La musique adoucit les mœurs. C’est là une vérité qui ne trouve pas de prolongement dans le quotidien des jeunes de notre pays. La misère culturelle, fait encore plus de dégâts que la misère sociale. Que font les ministères de la Jeunesse et des Sports et celui de la Culture. Le premier est un ministère du « football ». Les ministres successifs qui ont occupé ce portefeuille n’ont eu que le souci de cette discipline sportive. Même de ce côté-là, il faut le dire, les résultats sont lamentables. Les stades sont devenus des arènes et les compétitions de foot sont, pour les jeunes, une occasion pour crier leur désespoir et exprimer dans la violence la haine qu’ils éprouvent pour les pouvoirs publics et la société. Les émeutes « sportives » habituelles à Casablanca entre les frères ennemis du Raja et du Wydad sont là pour nous le rappeler. Pour le département de M. Naciri, ce n’est pas rose non plus. La politique des festivals du ministère de la culture est décriée par les jeunes qui la trouve très loin de leurs vraies préoccupations.
Hors texte :
Quand la Harga est devenue le moindre mal pour la société…
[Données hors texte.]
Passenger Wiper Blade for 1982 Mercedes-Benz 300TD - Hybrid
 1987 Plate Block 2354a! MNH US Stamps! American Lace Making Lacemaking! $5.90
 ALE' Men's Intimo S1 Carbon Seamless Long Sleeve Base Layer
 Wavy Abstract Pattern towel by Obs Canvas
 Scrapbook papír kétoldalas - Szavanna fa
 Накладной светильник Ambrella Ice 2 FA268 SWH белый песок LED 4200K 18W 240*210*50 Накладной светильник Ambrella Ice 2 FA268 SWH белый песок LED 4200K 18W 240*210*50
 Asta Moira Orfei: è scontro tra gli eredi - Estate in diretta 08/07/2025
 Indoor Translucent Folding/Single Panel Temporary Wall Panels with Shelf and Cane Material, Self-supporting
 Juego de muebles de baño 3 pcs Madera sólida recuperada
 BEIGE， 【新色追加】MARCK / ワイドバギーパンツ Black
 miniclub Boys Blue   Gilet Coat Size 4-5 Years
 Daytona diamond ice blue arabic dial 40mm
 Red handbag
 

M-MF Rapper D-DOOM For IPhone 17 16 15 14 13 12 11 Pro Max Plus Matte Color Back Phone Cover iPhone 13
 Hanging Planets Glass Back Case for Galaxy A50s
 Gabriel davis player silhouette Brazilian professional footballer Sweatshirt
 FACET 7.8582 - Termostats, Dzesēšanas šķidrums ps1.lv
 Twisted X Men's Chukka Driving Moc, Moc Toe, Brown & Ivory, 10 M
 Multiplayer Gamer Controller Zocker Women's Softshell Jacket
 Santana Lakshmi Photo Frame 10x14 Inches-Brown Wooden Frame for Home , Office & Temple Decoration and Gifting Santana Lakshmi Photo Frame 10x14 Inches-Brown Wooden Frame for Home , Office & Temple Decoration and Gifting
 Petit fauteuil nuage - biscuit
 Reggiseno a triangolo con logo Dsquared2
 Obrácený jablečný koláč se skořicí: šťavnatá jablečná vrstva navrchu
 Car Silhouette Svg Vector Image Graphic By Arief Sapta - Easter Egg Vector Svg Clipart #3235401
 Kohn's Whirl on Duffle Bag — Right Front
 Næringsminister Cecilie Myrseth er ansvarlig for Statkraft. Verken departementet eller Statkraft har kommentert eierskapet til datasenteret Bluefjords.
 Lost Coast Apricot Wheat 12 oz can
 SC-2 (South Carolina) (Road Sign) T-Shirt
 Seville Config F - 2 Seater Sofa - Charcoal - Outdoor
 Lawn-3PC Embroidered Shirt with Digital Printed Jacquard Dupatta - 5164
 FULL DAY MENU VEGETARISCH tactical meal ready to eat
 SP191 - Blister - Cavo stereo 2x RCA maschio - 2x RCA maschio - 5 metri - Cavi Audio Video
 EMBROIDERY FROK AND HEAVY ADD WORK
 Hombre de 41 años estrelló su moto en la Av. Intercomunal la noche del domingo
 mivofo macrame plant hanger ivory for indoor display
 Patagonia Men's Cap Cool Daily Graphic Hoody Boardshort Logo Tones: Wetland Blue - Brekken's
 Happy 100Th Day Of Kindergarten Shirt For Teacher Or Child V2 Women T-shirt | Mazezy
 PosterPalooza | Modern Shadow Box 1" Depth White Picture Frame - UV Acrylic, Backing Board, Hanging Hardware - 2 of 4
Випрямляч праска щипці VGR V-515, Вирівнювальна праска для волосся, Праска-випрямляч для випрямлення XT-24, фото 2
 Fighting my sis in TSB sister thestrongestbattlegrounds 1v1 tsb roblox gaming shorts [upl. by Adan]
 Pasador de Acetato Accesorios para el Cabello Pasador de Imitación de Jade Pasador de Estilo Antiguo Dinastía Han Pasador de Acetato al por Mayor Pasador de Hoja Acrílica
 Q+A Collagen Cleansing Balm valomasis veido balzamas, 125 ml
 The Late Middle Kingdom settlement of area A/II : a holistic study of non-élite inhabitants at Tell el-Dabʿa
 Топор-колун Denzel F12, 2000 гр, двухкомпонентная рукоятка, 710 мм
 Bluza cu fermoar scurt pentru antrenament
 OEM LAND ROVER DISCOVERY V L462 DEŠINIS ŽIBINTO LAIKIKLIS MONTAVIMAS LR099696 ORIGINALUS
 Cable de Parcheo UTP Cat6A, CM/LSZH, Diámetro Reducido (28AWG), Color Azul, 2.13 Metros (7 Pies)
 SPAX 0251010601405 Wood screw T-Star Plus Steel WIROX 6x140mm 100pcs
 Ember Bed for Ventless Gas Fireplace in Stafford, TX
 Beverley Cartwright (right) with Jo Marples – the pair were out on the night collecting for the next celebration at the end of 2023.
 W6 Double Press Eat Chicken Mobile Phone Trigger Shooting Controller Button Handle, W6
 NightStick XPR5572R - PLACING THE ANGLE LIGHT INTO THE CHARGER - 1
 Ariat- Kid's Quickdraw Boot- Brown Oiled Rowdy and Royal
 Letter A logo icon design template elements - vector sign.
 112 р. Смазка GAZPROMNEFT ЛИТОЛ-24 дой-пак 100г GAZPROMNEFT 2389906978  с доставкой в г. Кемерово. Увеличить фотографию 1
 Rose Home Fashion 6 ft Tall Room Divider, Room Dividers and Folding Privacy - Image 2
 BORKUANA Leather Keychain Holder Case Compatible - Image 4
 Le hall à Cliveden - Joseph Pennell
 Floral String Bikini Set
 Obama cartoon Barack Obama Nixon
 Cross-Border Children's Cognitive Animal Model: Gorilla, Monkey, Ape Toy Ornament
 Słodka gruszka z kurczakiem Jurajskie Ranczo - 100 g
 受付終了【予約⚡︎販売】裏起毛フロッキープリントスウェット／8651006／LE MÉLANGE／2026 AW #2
Voici fabriqué le terreau où se recrutent tous les comportements extrêmes. La harga en est un. Sans doute, le moins dangereux de tous pour la société. Le citoyen marocain, en particulier le jeune, parce que plus vulnérable, est dans une impasse. Il a le sentiment que ses compétences sont inutiles et que ses initiatives sont impossibles. Il souffre parce qu’il n’a pas la possibilité de faire des choix et d’exercer son libre arbitre. Il est malheureux parce qu’il a forgé la certitude qu’il n’aura jamais l’initiative sur son destin et qu’il ne pourra pas se réaliser dans son pays. Il est désespéré parce qu’il a conscience que son bien-être n’est pas la préoccupation des pouvoirs publics et que ces derniers n’ont pas de projet pour lui. Pris au piège, le sujet tente de s’en sortir. L’un se réfugie dans la drogue pour oublier, l’autre se jette à l’eau pour s’en aller, le plus désespéré met fin à ses jours. Toxicomanie, suicide, harga mais aussi émeutes récurrentes et recrutement terroriste, sont des comportements extrêmes et des signaux sociaux qui alertent, de toute évidence en vain, les décideurs de ce pays. Les jeunes qui ont choisi de partir ont le désir de vivre. Ils sont les plus déterminés et les plus aptes à réussir même si d’aucuns considèrent qu’il s’agit là d’une entreprise suicidaire. Certains journalistes n’ont pas hésité à qualifier ce comportement de suicide collectif. Ils pourraient être dans le vrai. Pourquoi ? Parce que le risque pris par ce projet migratoire est trop grand et que l’idée de rencontrer la mort durant le voyage semble une donnée intégrée et acceptée. « L’espoir est ailleurs, seule la mort nous en dissuadera » ou encore « Je préfère finir dans le ventre d’une houta plutôt que dans celui d’une douda ». Dans les deux cas la mort est au rendez-vous. Ces propos tenus par des récidivistes de l’émigration clandestine sont significatifs de l’état d’esprit dans lequel se trouvent les jeunes Marocains, ils témoignent de leur détermination à prendre le risque.